### [Provided records]
===
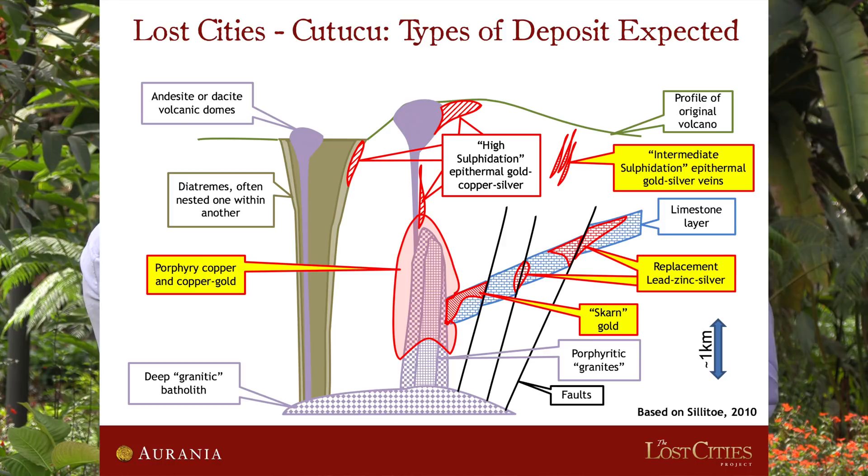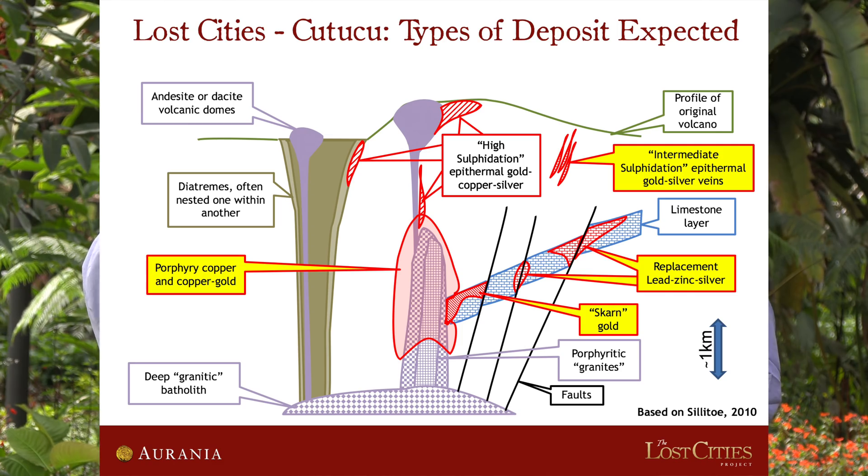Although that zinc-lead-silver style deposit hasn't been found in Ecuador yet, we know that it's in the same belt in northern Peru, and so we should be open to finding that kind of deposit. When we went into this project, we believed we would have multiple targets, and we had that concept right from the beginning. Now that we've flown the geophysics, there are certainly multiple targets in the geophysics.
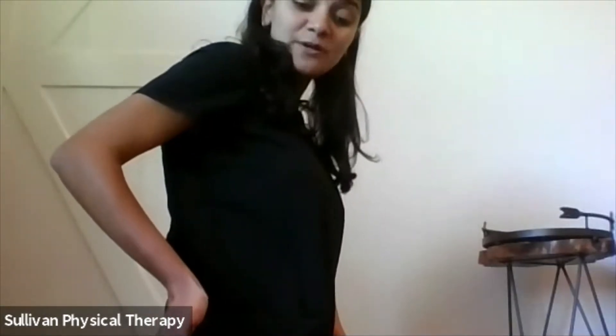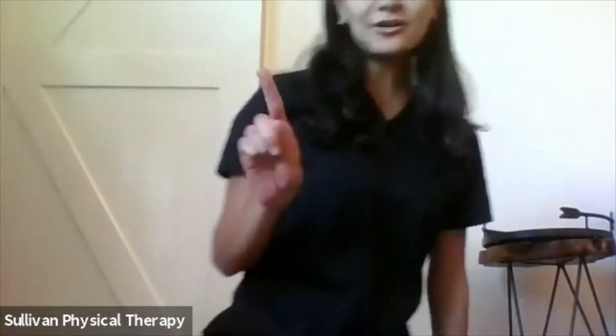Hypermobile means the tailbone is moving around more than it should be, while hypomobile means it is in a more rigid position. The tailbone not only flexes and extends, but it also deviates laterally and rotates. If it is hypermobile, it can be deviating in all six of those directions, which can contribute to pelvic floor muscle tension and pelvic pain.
===
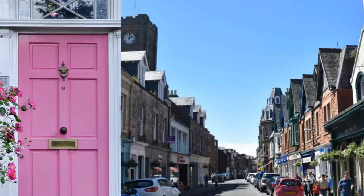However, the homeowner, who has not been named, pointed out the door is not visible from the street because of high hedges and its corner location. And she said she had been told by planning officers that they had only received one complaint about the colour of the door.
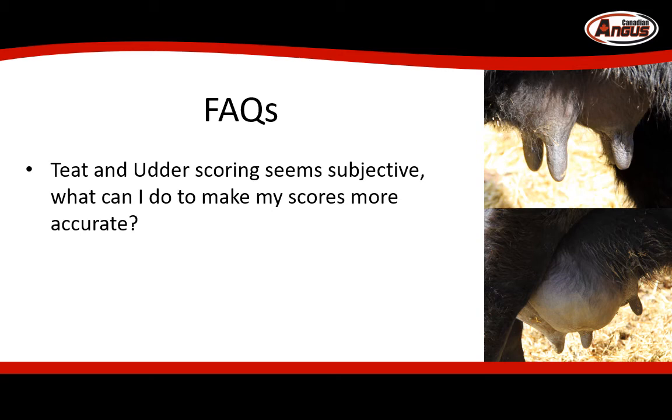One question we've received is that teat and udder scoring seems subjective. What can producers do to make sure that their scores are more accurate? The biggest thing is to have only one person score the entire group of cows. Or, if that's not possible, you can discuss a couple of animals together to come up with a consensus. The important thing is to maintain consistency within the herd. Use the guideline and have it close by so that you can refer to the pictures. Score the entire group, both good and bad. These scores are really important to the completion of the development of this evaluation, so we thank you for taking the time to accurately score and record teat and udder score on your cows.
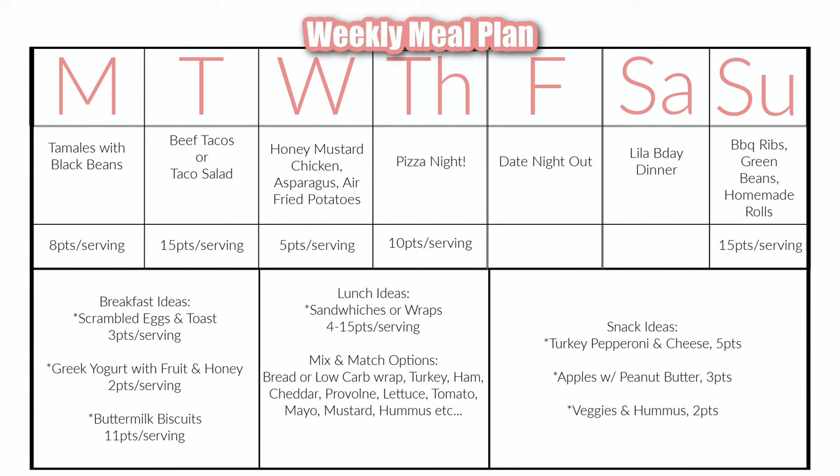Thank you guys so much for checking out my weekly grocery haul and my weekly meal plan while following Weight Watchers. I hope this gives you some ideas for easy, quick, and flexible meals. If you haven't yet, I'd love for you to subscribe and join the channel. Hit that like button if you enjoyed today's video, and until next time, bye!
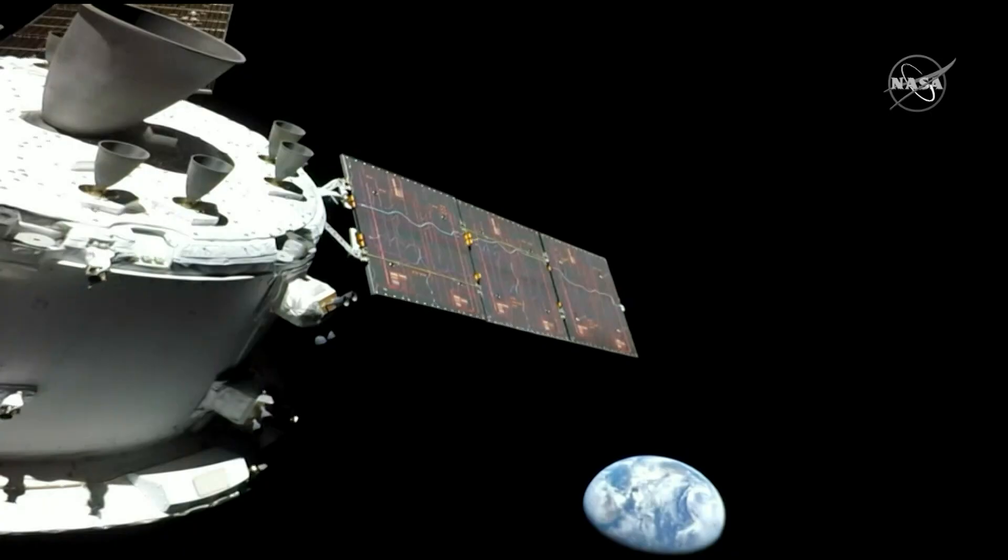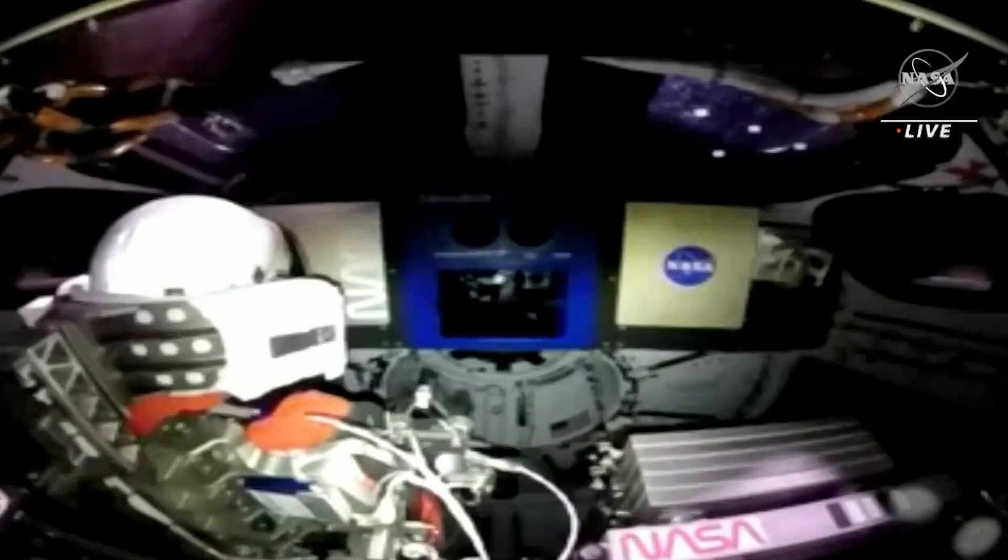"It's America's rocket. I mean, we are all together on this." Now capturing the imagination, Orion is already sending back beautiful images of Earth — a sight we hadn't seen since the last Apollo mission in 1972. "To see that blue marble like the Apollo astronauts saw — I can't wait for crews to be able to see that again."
===
### [What you are asked to do]
Repeat, without pictures, exactly the lines of the data above from the one containing "Although that zinc-lead-silver" through the one containing "Hypermobile means the", including both and adding nothing.

### [Solved problem]
Although that zinc-lead-silver style deposit hasn't been found in Ecuador yet, we know that it's in the same belt in northern Peru, and so we should be open to finding that kind of deposit. When we went into this project, we believed we would have multiple targets, and we had that concept right from the beginning. Now that we've flown the geophysics, there are certainly multiple targets in the geophysics.
Hypermobile means the tailbone is moving around more than it should be, while hypomobile means it is in a more rigid position. The tailbone not only flexes and extends, but it also deviates laterally and rotates. If it is hypermobile, it can be deviating in all six of those directions, which can contribute to pelvic floor muscle tension and pelvic pain.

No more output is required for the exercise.